Source data
►

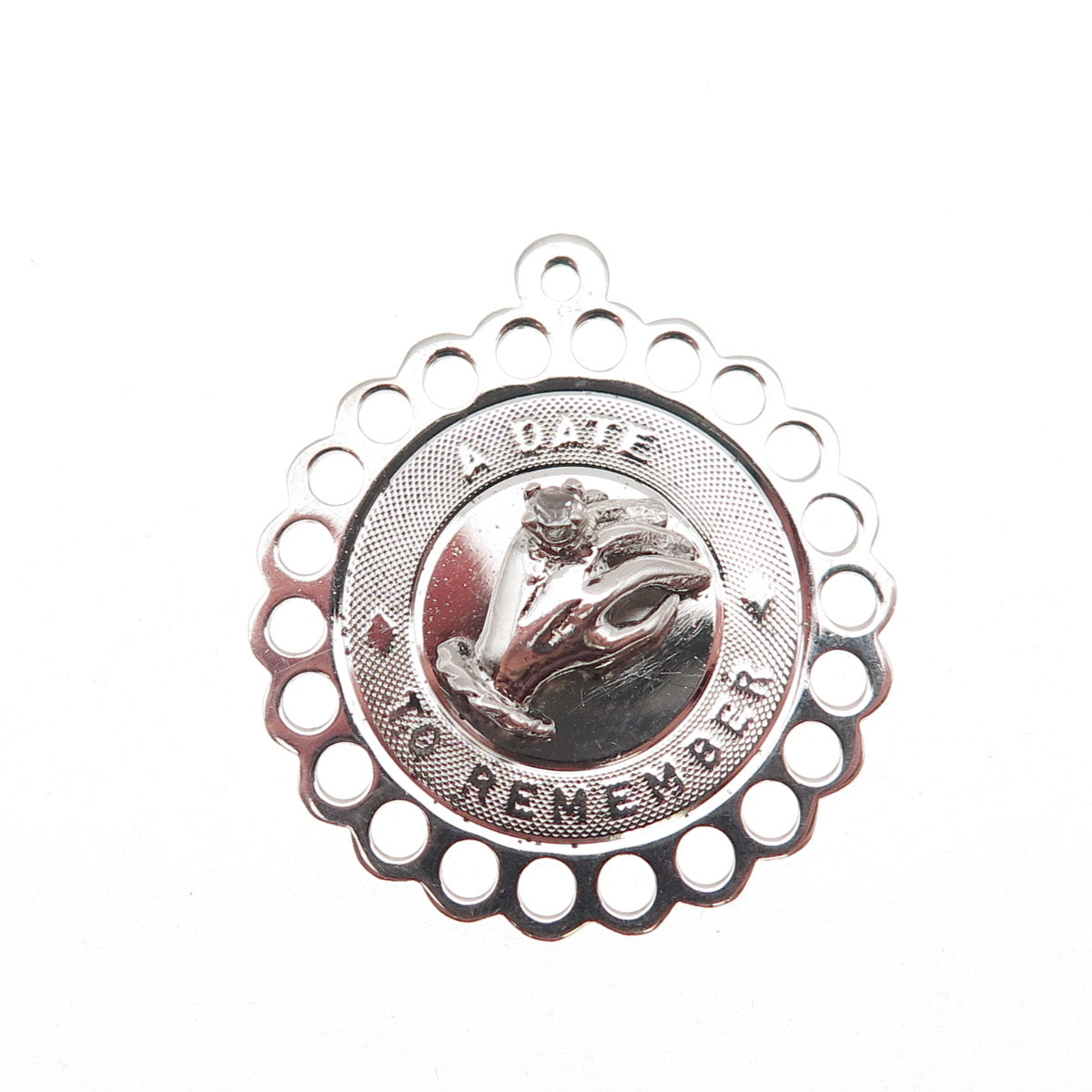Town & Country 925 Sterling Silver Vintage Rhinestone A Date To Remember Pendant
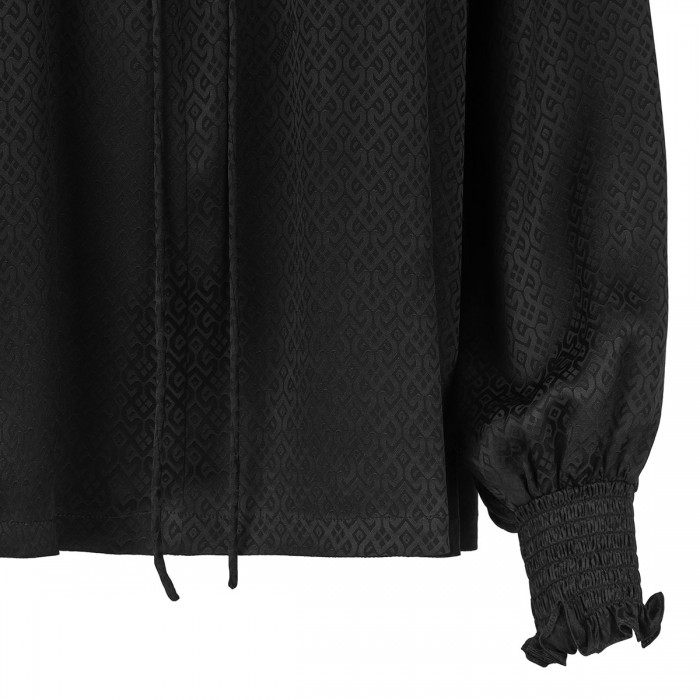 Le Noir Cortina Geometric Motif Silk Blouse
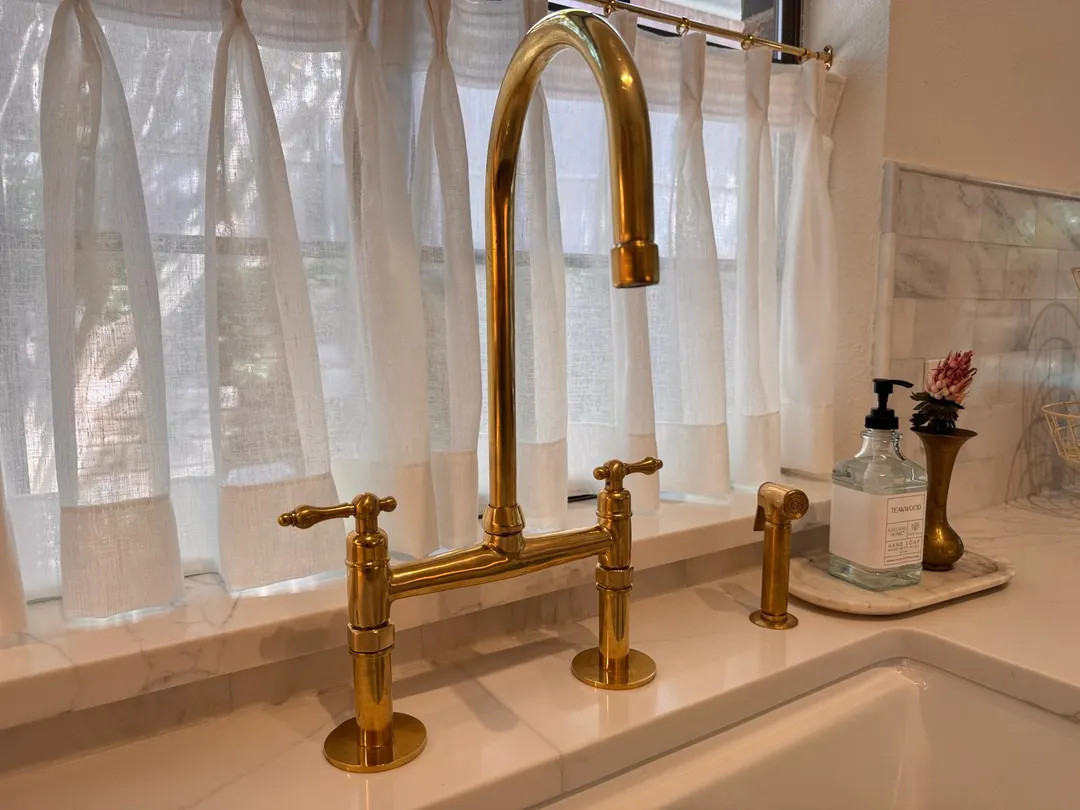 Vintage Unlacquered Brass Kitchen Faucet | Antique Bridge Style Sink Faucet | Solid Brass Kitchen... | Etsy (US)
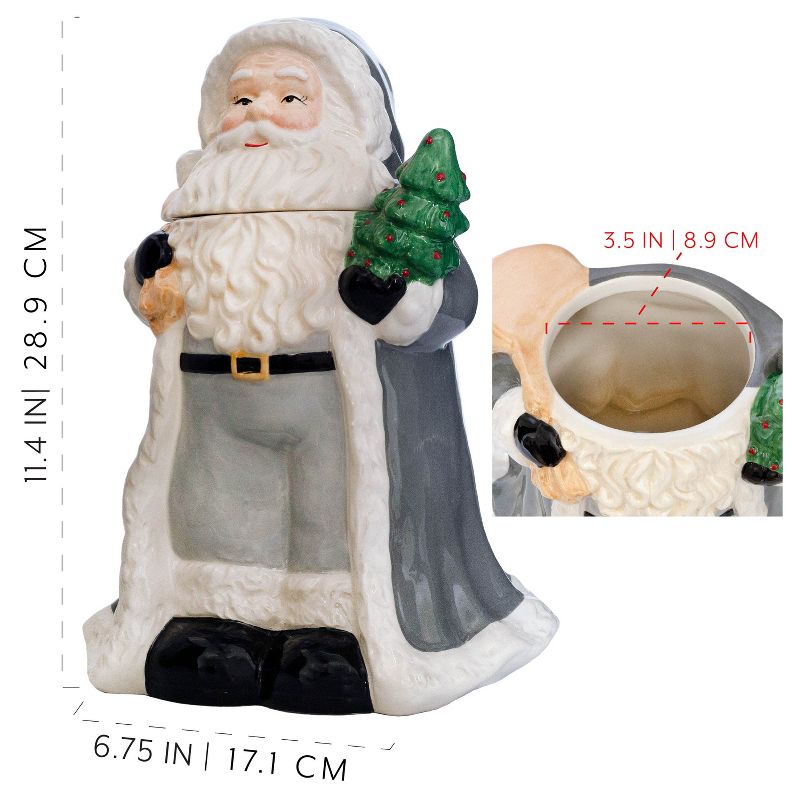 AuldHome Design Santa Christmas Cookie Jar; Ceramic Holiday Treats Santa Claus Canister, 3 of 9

◄

Lines from the start of the listing above through the line holding "Vintage Unlacquered Brass" are to be duplicated exactly, and nothing more; leave out the pictures.

Town & Country 925 Sterling Silver Vintage Rhinestone A Date To Remember Pendant
 Le Noir Cortina Geometric Motif Silk Blouse
 Vintage Unlacquered Brass Kitchen Faucet | Antique Bridge Style Sink Faucet | Solid Brass Kitchen... | Etsy (US)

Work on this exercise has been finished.